What is Horizontal Scaling?
Adding additional servers will help ease the load on individual servers and help answer the server requests. This is called “horizontal scaling,” and it’s the basis for cloud-based computing. Multiple servers are linked together, communicating with each other to make sure each request is answered and everyone has access to the service. The hardware of any given server unit doesn’t have to be overly robust, since it doesn’t carry the weight of the traffic by itself.

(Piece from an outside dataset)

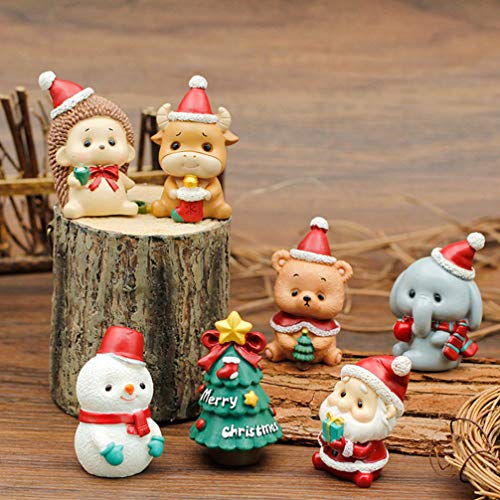 PRETYZOOM 6 Piezas Figuras de Miniaturas Navideñas Mini Resina Adornos Navideños Lindo Animal en Miniatura de La Torta para El Globo de Nieve DIY Decoraciones para Pasteles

Database Scalability Concerns
Obviously, your ability to scale your database (whether vertically, horizontally, or both) is limited by your available capital. A day-one startup isn’t going to have the server capacity of Google or Amazon. That said, no matter the size of your business, you need to consider how you will be able to handle anticipated traffic, spikes in traffic, and how to maximize uptime. So here are the basic techniques to making that happen: – Determine your average traffic, and use that as your baseline – Scale vertically to maximize the effectiveness of an individual server – Scale horizontally to handle traffic spikes and improve uptime – Ensure uptime by setting up redundancies – Consider outsourcing your database needs
How to Handle Anticipated Traffic
To handle anticipated traffic, use your average traffic levels as a baseline to decide how many resources you need to add to your database to maintain functionality. If you know you have 50,000 visitors a day to your website or your app, you need to have the equipment to accommodate that, bare minimum.
Keeping it at the minimum won’t do you any favors, though.
How to Handle Spikes in Traffic
If you plan on your product/app/service doing well at all, traffic is going to increase, and there are going to be spikes, or unanticipated traffic. To be prepared for these spikes in traffic, you will need to add more resources than you’re using on a consistent basis. In other words, you’re going to want overflow parking to handle your metaphorical peak summer hours. The most reliable way to do that is to scale horizontally. Failing to do so means you’re going to be dealing with some server downtime.
How to Guarantee Uptime
The best way to guarantee maximum uptime is through redundancy of equipment (in other words, horizontal scaling). Obviously, downtime is something you want to avoid as much as possible, but that’s easier said than done. Tech giants like Google guarantee a 99.9% uptime for their services—they have to, because there would be riots in the streets if Google ever went down, so they take steps to prevent that. They can guarantee this because of redundancies—they have more than one set of servers running at the same time. So even if one set of servers goes down (too many requests, fire in the warehouse, power outage, etc.), there are others both on and off site to compensate and keep things running. Be aware that, as you grow, guaranteeing uptime requires redundancy of equipment, data, and services.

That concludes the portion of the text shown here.